▶ _Work request_
In the entries below, repeat only the lines between those holding "PIGMENTOS NAIL ART MIROR ESPEJO 2" and "城市，城市景观，建筑物，道路", inclusive. Leave pictures out.

▶ _Data in this exercise_
• • • • • • •
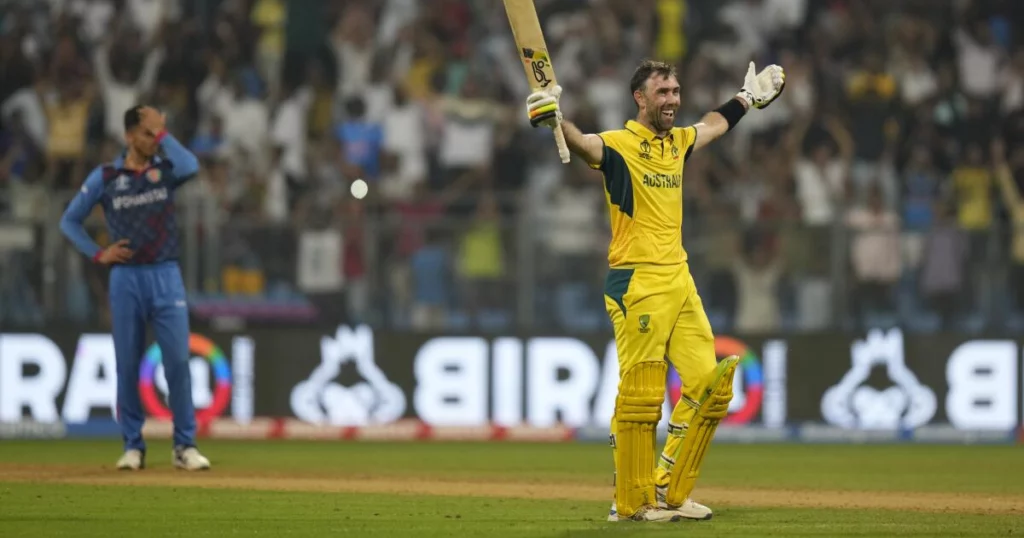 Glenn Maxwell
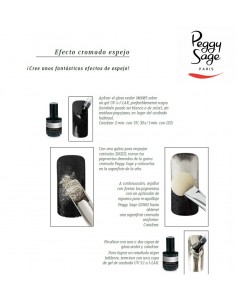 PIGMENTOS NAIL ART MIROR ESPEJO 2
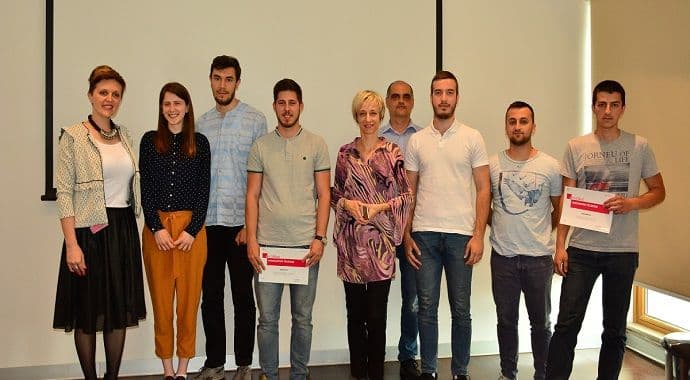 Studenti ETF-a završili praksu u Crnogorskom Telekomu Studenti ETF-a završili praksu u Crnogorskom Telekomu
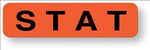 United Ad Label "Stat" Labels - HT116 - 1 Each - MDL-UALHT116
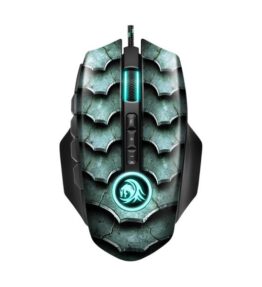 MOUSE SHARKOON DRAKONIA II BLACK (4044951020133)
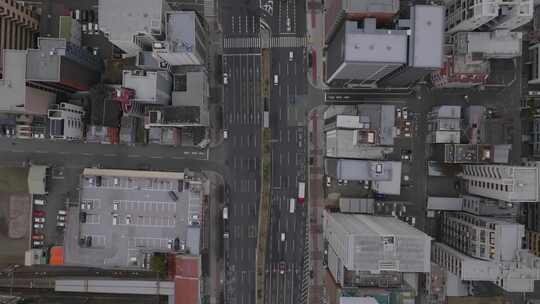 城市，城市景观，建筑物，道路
• • • • • • •
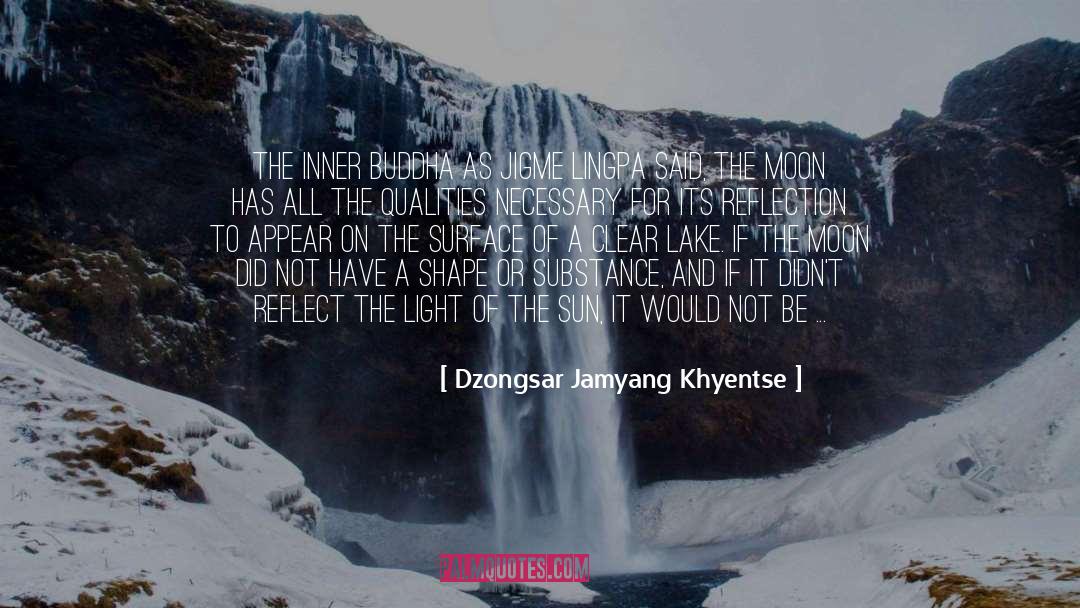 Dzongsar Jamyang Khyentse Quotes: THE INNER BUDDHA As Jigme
• • • • • • •
▶ _Exercise result_
 PIGMENTOS NAIL ART MIROR ESPEJO 2
 Studenti ETF-a završili praksu u Crnogorskom Telekomu Studenti ETF-a završili praksu u Crnogorskom Telekomu
 United Ad Label "Stat" Labels - HT116 - 1 Each - MDL-UALHT116
 MOUSE SHARKOON DRAKONIA II BLACK (4044951020133)
 城市，城市景观，建筑物，道路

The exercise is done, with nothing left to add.